Most of the bonded infilled levels act as a rigid body whilst integrity allows.

This conflict between the assumptions in design and factual properties of the structure is of course cause of damages for structures subject to earthquakes where no proper consideration of this and other earthquake related issues is being made, or even where if so the earthquake exceeds what by the code expected. The more common failure is the formation of a soft story at the low level, that kneels down under the rigid body push of the levels above.

This kind of construction is also common in Spain.

However modern codes include to the level of the expected earthquake some care for this, in that the lateral displacements for the building are enforced be limited to some amount compatible with accepted limits of damage. To this purpose -and evaluation and prevention of the possibility of pounding- is that maximum drifts are fixed for the earthquake loadcases.

To prevent substantial damage under the earthquake force in buildings with attached masonries, maximums distortions in each panel are set for the earthquake loadcases at about 1/400 (horizontal displacement/interstory height) at any level, and so in the wole height of the building as well, and with a proper assesment of the lateral displacements, that will include, if with the same intially derived from forces reduced on account of extant ductility some amplification of the displacements gained from such reduced forces.

Of course you may enter also the effects of the masonries by direct modelization, then checking the whole for strength and serviceability.

Other concern is infill at partial height that uses to cause som problems in low buildings by unaccountedly kicking in the column.

 

[100islands]

Bannu

I have personally seen structures (designed as frame without the infill walls) survived earthquakes here in my country, Philippines, and in Taiwan. They survived (i.e., did not collapse) because the building's infill walls are arranged almost symmetrically, there is no soft story, and the frames were detailed properly to fail in ductile manner.

 

[IJR]

My understanding is that

1) there will be a lot of lateral stiffness initially and codes will punish your column detailing if you have a brick wall and a short column, to account for this.

2)This stiffness dies out quickly and frame action moves in, and in addition the building softens and there will be larger period and less earthquake forces.

3)Whatever you do, failures occur more because of short columns and soft story than they do from stiff walls.

4) why trust brittle bricks to resist earthquakes, while ductile concrete frames are known to have good seismic response? Anything brittle should not be encouraged in seismic resistant systems.

my two cents worth.

IJR

 

[Bannu]

IJR,

You are right, but that was not my question. My concern is that the ductile frame damage (Atleast at corners) by the brittle brick walls.

As ishvaag said we can limit the lateral drift so that the infill wont effct much on frame damage, but that would boost up my member sizes.

 

[IJR]

Thanks Bannu

Yours is a useful post and should be enhanced for as much as our knowledge and experience can let go, not necessarily a direct answer to your question. In this forum I believe in discussion rather than answering a question.

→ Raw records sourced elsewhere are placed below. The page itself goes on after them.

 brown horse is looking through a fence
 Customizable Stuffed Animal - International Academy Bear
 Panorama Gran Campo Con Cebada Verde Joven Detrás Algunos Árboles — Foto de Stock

Designs utilizing wall stiffness may not be close to reality, walls are live loads, they may be there today and not tomorrow.

Some book I read suggested use of soft material between columns and walls (a gap of some 10cm and the like) to let frames sway freely, without feeling the stiffness of walls.

I personally have never employed this gap method and would like my more experienced friends here to comment on that.

Two cents worth,
IJR

 

[Bannu]

Thanks, but I too have never seen this gap method employed in field.

Looking forward for our fellow engineers response on this.

Bannu